Do You Know The
UK Stop And Search Law
The UK stop and search law is quite well defined and both you and the police have specific rights to help, and protect both parties during a search.
The main thing to remember if you are ever in a situation is where a police officer tells you that you need to be searched is:
Being searched doesn’t mean you’re being arrested.
This article is aimed at us preppers, and as such, assumes your not someone who aimlessly carries drugs, firearms or a big knife around with you – instead I am generally talking prepping, bushcraft or survival tools.
As a prepper we generally have a different take on survival tools and survival weapon ownership, as we need certain weapons and tools to ensure complete preparation and readiness if there were to be an emergency survival scenario.

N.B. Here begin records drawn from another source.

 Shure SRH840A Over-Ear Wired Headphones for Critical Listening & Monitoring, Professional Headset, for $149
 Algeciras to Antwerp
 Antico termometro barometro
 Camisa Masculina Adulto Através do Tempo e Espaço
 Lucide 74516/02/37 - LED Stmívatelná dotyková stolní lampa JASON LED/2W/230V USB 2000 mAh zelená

Police powers to stop and search: your rights
The police have powers to stop and question you at any time – they can search you depending on the situation.

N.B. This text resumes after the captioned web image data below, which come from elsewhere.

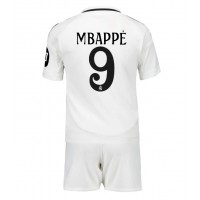 Real Madrid Kylian Mbappe #9 Koti Peliasu Lasten 2024-25 Lyhythihainen (+ Lyhyet housut)
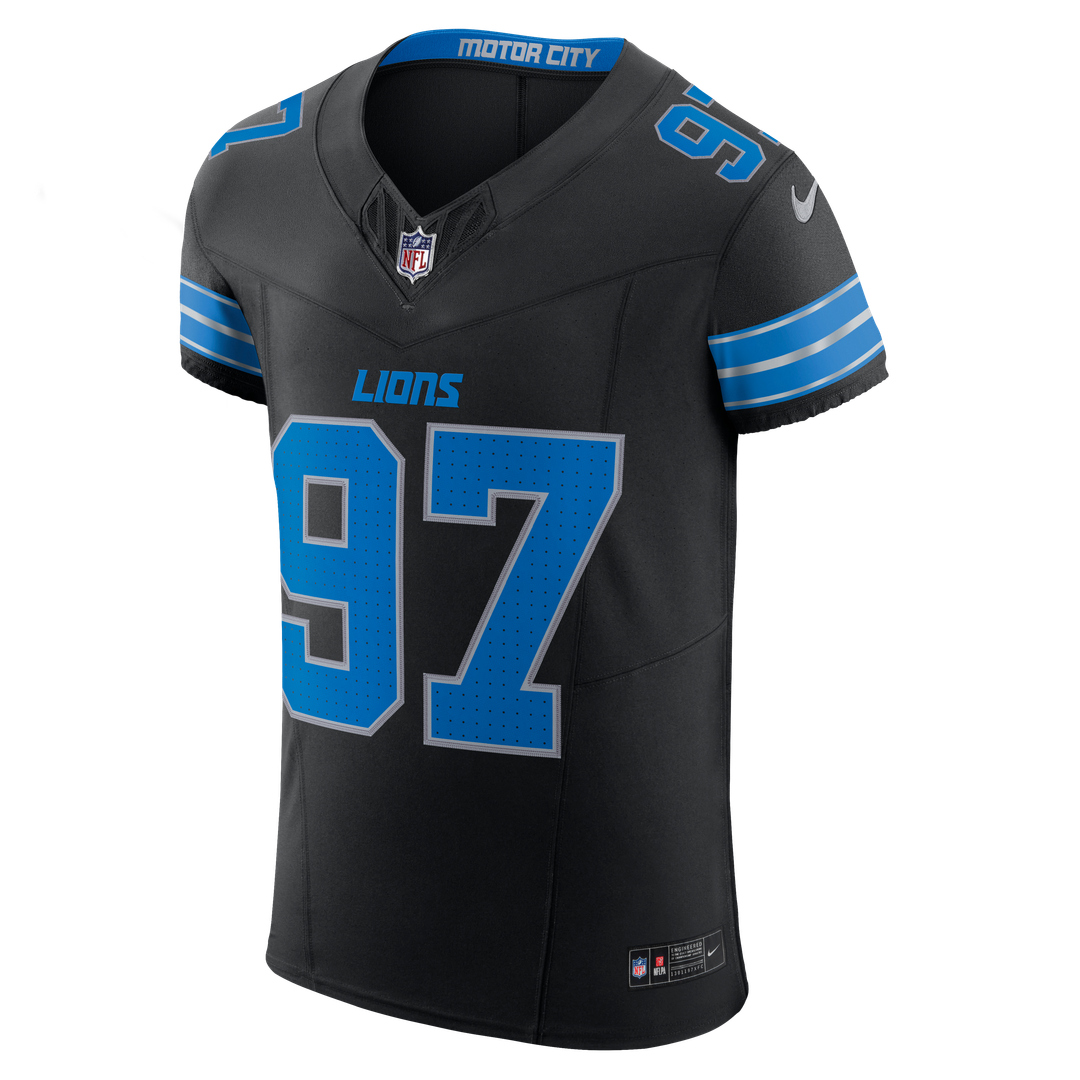 Men's Detroit Lions Aidan Hutchinson Nike Black Alternate product image 12
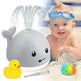 Baby Cute LED Light spray water whale bath toy - EX-STOCK CANADA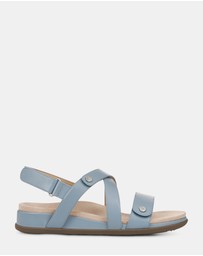 Vionic - Cypress Back Strap Sandal - Vintage Blue Haze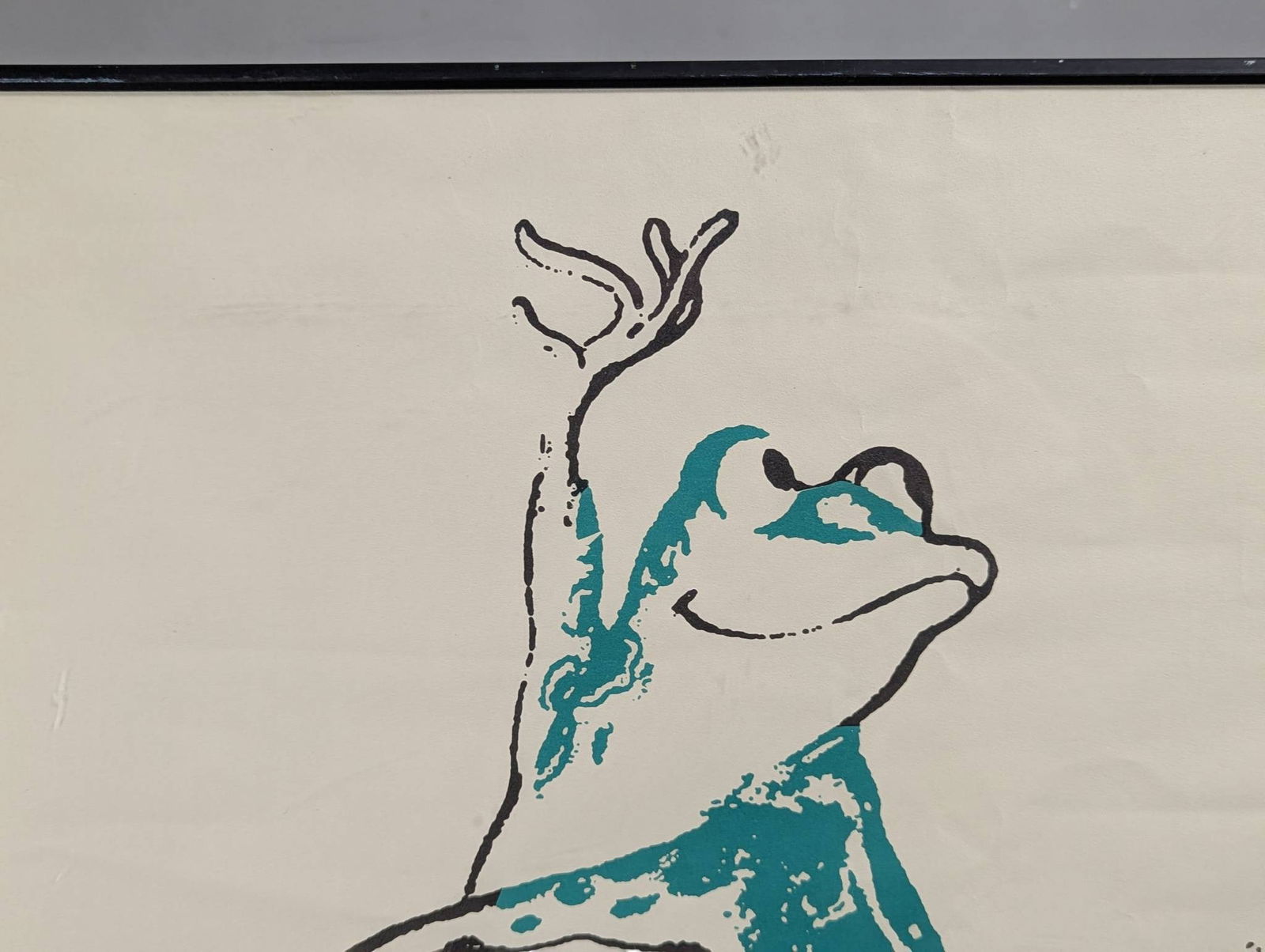 Hilary Knight Ole Frog Print Depicting Dancing Frog and Old San Juan Puerto Rico Text - 2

A police community support officer (PCSO) must be in uniform when they stop and question you. A police officer doesn’t always have to be in uniform but if they’re not wearing uniform they must show you their warrant card.

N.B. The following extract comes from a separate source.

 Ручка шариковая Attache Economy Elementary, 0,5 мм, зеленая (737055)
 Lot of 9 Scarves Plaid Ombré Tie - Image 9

A police officer has powers to stop you at any time and ask you:
- what you’re doing
- why you’re in an area and/or where you’re going
However, you don’t have to answer any questions the police officer asks you.
A police officer has powers to stop and search you if they have ‘reasonable grounds’ to suspect you’re carrying:
- illegal drugs
- a weapon
- stolen property
- something which could be used to commit a crime, eg a crowbar
You can only be stopped and searched without reasonable grounds if it has been approved by a senior police officer. This can happen if it is suspected that:
- serious violence could take place
- you’re carrying a weapon or have used one
- you’re in a specific location or area
Before you’re searched the police officer must tell you:
- their name and police station
- what they expect to find, eg drugs
- the reason they want to search you, eg it looks like you’re hiding something
- why they are legally allowed to search you
- that you can have a record of the search and if this isn’t possible at the time, how you can get a copy
A police officer can ask you to take off your coat, jacket or gloves.
The police might ask you to take off other clothes and anything you’re wearing for religious reasons – eg a veil or turban. If they do, they must take you somewhere out of public view.
If the officer wants to remove more than a jacket and gloves they must be the same sex as you.